We calculated the PAR% within 2 pre-specified subgroups. We examined a low-risk lifestyle among women with previous clinically diagnosed CHD and women without CHD. Diagnosis of CHD was reported every 2 years, and once a woman reported a diagnosis, she remained in the CHD group for the remainder of follow-up. Although smoking is a strong risk factor for SCD, more than 80% of women in the US are not current smokers.41 Therefore, we assessed the impact of the other lifestyle factors among nonsmokers. Analyses were conducted in SAS, version 9 (SAS Institute, Inc., Cary, NC). All p values are two sided, and a p-value of <0.05 was considered statistically significant.
Association between lifestyle factors and SCD
Over 26 years of follow-up, we documented 321 cases of SCD among women of mean age 72±8 years. Baseline characteristics of the cohort according to the binary lifestyle score are presented in Table 1. Not smoking, exercise and healthy diet each were inversely associated with risk of SCD (Table 2) (P, linear trend <0.001). The association with BMI appeared J-shaped, with a nadir in SCD risk among women with a BMI of 21.0 -24.9 kg/m2 (P, nonlinear trend <0.001) (Table 2). When these risk factors were collapsed into low-risk binary categories, each lifestyle factor remained significantly associated with lower risk of SCD, even after controlling for the other low-risk factors (Table 3).
Table 1
Table 1
Age-standardized characteristicsa of women in the Nurses' Health Study at baseline by binary lifestyle score
Table 3
Table 3
Relative risk (RR) and population attributable risk (PAR%) of sudden cardiac death by low-risk factor status
Overall, the binary lifestyle score was inversely associated with risk of SCD (p, deviation from linearity=0.55; p, linear trend<0.001) (Figure 1). The absolute risks of SCD were 22, 17, 18, 13 and 16 cases/100,000 person-years among women with 0, 1, 2, 3 and 4 low-risk factors, respectively. Women at low-risk for all 4 lifestyle factors (8% of the cohort) had a relative risk of SCD of 0.08 (95%CI: 0.03, 0.23) compared with women at low-risk for 0 factors (3% of the cohort). The expanded lifestyle score was also linearly associated with risk of SCD (p, deviation linearity = 0.12; p, linear trend <0.001). Women with an expanded lifestyle score ≥17 (15% of the cohort), compared to a score ≤8 (6% of the cohort), had a relative risk of SCD of 0.13 (95%CI: 0.07, 0.23).
Figure 1
Figure 1
Relative risks and 95%CI for sudden cardiac death by the binary lifestyle score. Low risk was defined as not currently smoking, exercise at moderate to vigorous intensity ≥30 min/day, diet in the top 40% of the Alternate Mediterranean Diet Score (more ...)
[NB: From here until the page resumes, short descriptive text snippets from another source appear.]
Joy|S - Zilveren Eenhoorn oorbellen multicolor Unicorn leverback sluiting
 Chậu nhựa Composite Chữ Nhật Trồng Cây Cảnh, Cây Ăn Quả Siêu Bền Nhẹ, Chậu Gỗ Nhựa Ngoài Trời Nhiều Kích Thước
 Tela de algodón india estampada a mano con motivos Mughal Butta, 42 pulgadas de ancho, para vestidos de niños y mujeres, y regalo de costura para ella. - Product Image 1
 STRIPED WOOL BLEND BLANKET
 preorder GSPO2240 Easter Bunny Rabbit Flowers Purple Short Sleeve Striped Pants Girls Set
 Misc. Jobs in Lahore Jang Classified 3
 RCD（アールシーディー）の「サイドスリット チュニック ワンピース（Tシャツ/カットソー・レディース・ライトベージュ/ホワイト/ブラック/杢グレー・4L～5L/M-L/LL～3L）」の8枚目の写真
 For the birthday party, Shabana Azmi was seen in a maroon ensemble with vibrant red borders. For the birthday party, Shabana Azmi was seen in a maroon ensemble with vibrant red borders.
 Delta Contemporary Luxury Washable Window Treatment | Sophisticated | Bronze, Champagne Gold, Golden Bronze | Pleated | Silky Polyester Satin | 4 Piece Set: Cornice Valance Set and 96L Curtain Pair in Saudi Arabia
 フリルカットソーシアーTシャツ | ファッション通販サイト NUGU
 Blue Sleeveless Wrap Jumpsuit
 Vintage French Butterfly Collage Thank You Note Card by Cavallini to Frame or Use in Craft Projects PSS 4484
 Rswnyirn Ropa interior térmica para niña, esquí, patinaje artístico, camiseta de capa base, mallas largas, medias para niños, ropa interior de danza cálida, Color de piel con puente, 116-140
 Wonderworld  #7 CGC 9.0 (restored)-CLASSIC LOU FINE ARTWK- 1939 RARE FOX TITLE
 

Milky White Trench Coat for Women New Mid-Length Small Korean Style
Population Attributable Risk for SCD
The population attributable risk proportion for lack of adherence to each low-risk lifestyle factor is shown in Table 3. Although a strong risk factor for SCD, the estimated PAR% for smoking was only 11%, reflecting the low prevalence of current smoking (14%) in the cohort. For the other lifestyle factors, the PAR% ranged from 15% for BMI to 26% for exercise. Table 4 displays the PAR% associated with lack of adherence to an overall low-risk lifestyle among all women and in pre-specified subgroups. In the entire cohort, the PAR% associated with all four lifestyle factors was 81% (95%CI: 52%, 93%). Assuming causal relationships, these data suggest that 81% of SCD potentially may have been avoided had all women been in the low-risk group for all four lifestyle factors. Results were similar in sensitivity analyses that included unwitnessed deaths where the participant was documented to be symptom free within the preceding 24 hours and where circumstances suggested that the death could have been sudden (n=152). Among non-smokers, the PAR% associated with the remaining 3 lifestyle factors was 78% (46%, 92%). Finally, the PAR% associated with lack of adherence to a low-risk lifestyle was similar among women with and without clinically recognized CHD at the time of their most recent questionnaire (Table 4).
Table 4
Table 4
Population attributable risk of sudden cardiac death by low-risk lifestylea in women
A low-risk lifestyle (not smoking, regular exercise, prudent diet and healthy weight) was linearly and inversely associated with risk of SCD among women. Women at low-risk for all 4 lifestyle factors had a 92% lower risk of SCD compared to women at low-risk for 0 lifestyle factors. If these associations are causal, hypothetically, 81% of SCD within this cohort may have been prevented if all women adhered to the low-risk lifestyle. Among women without diagnosed CHD, where the majority of SCDs occur, it is possible that 79% of SCD may be attributed to unhealthy lifestyle practices.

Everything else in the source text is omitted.